Reveal – a daily look at the shadowy world of disease and medical research – is running a podcast that is full of information about Parekh’s history, as a pathologist who was hired to review not just all the death certificates but many other death records as well. The soon-to-be former head of Toronto’s hospitals acknowledged that hundreds of death certificates he reviewed do not necessarily show an apparent cause of death. A lawyer for family members recently revealed that Parekh had been hired by Ontario’s public health agency to examine hundreds of death certificates. The lawyers’ investigation led them to request that he resign, citing reports about his history of interpreting death certificates incorrectly and suggesting other inappropriate conclusions.
Even at his most senior position in the middle of the criminal justice system, the coroner was required to follow established protocol. A letter from the Ontario Public Health Services Authority stated that “a standard inspection of the coroner’s office should take place when a coroners office is considering placing a new pathologist into a position of direct supervision and responsibility.” Dr Parekh was eventually removed from his position at Ontario’s public health agency in March 2015, as it launched its own investigation into the case.
Ontario’s public health authority told investigators that Parekh “had not been followed up” after his initial inspection. Dr Elizabeth Clarke, a pathologist at Sunnybrook Health Sciences Centre, provided the coroner with a verbal briefing on the meaning of death certificates, in which she was asked for clarification on a specific legal term, “resuscitation or cardiopulmonary resuscitation.” But this was not the same as an investigation.

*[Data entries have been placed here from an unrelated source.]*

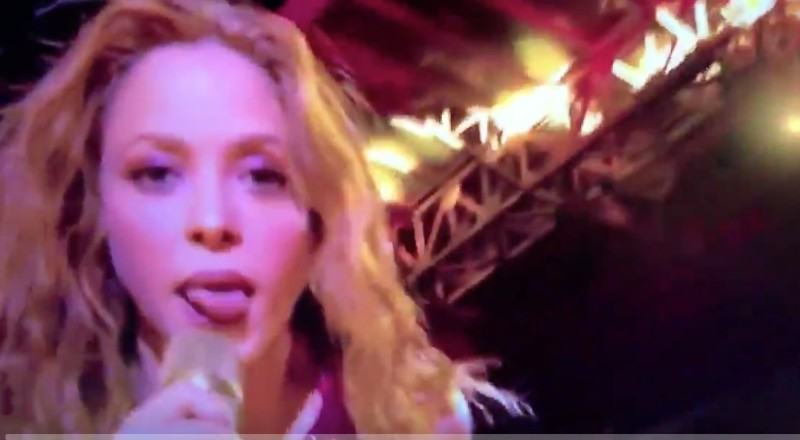 What was that?! Shakira confuses everyone with crazy tongue movement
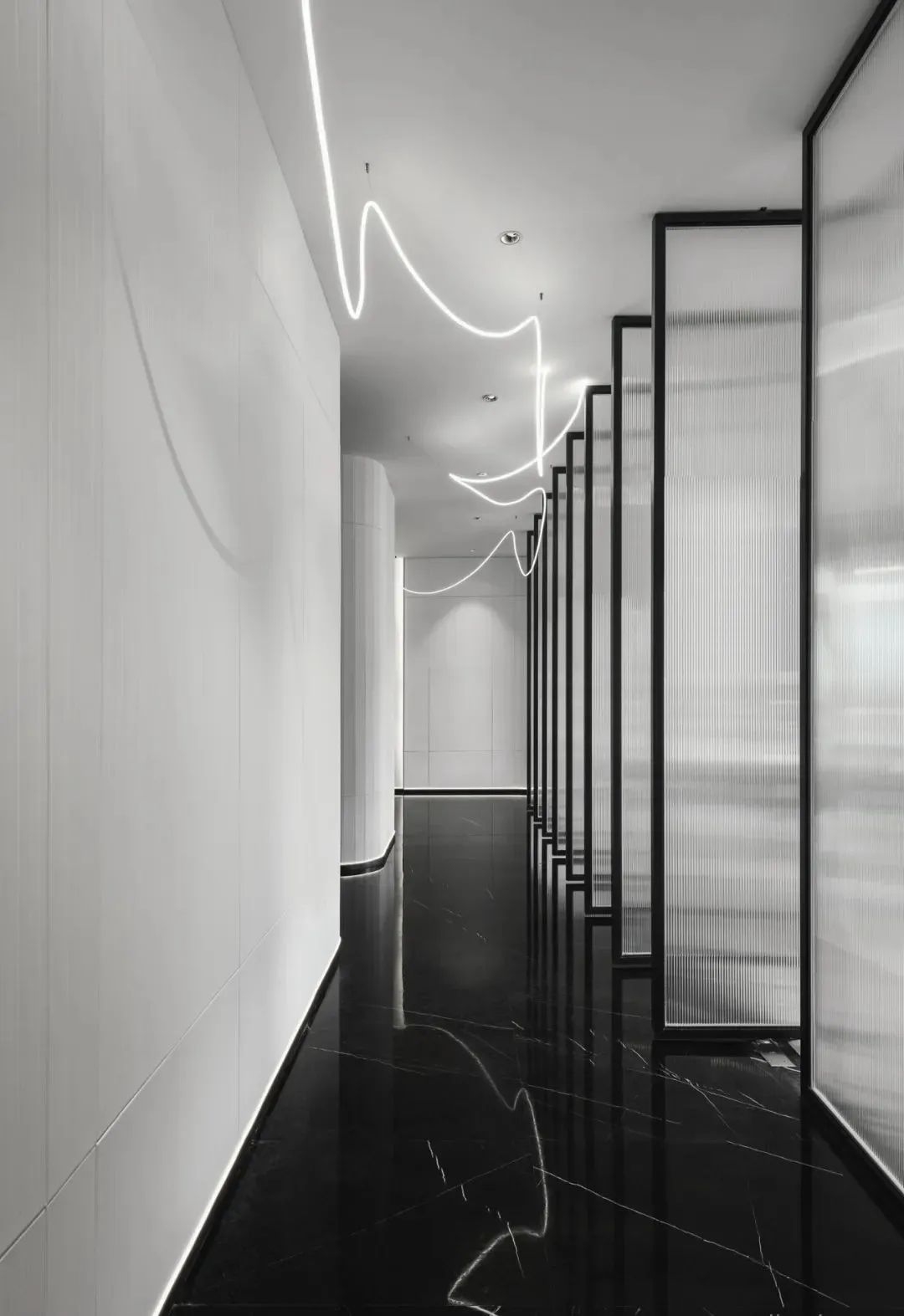 成都旭辉·锦官天宸营销中心 | 自然韵律的现代空间-36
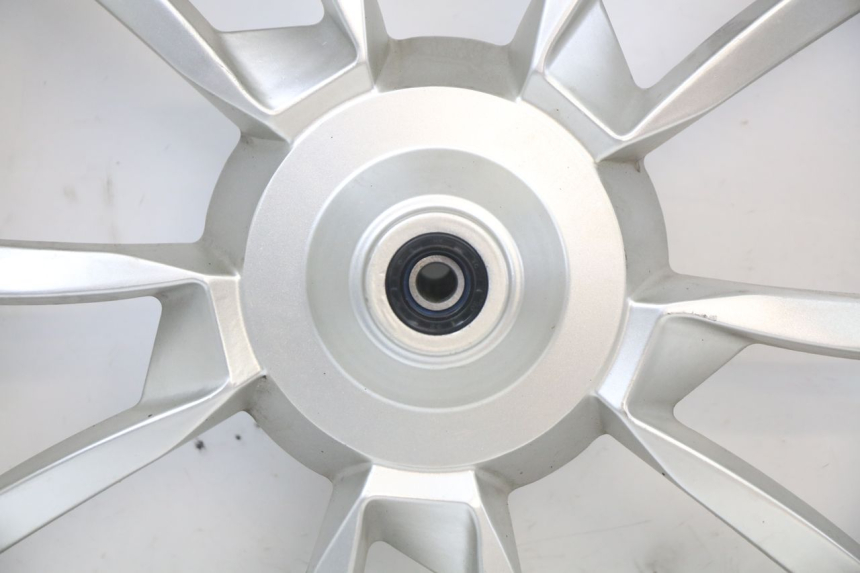 photo de CERCHIO ANTERIORE PEUGEOT BELVILLE 125 (2017 - 2021) - Primo piano tecnico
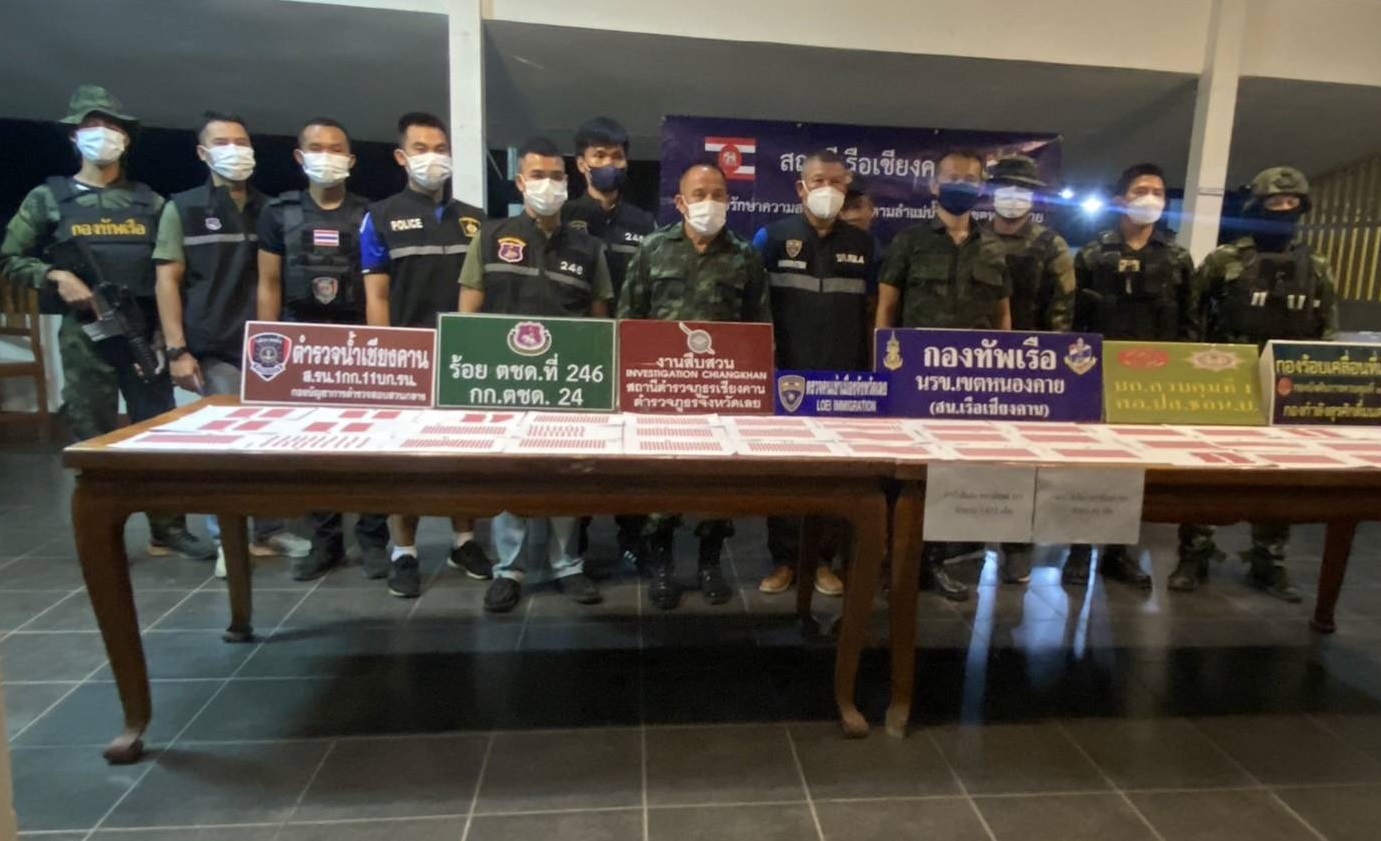 ตม.จว.เลย​ ร่วมหน่วยงานที่เกี่ยวข้อง ตรวจยึดยาบ้า 7,953 เม็ดและจับคนต่างด้าวสัญชาติลาวและนายจ้างสัญชาติไทย พื้นที่ อ.ภูเรือ จ.เลย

Ontario’s public health agency assured the coroner in its standard inspection, as well as his lawyer during the investigation, that it had interviewed Dr Parekh about his autopsy reports, as well as health officials and other witnesses regarding the death certificates. But the public health agency refused to be publicly forthcoming about its investigation in April 2016, citing the sensitivity of the matter. Documents filed with Ontario’s police service show that homicide investigators were given the Parekh transcripts, and completed a physical search at the coroner’s office to find potential witnesses, but nothing was found.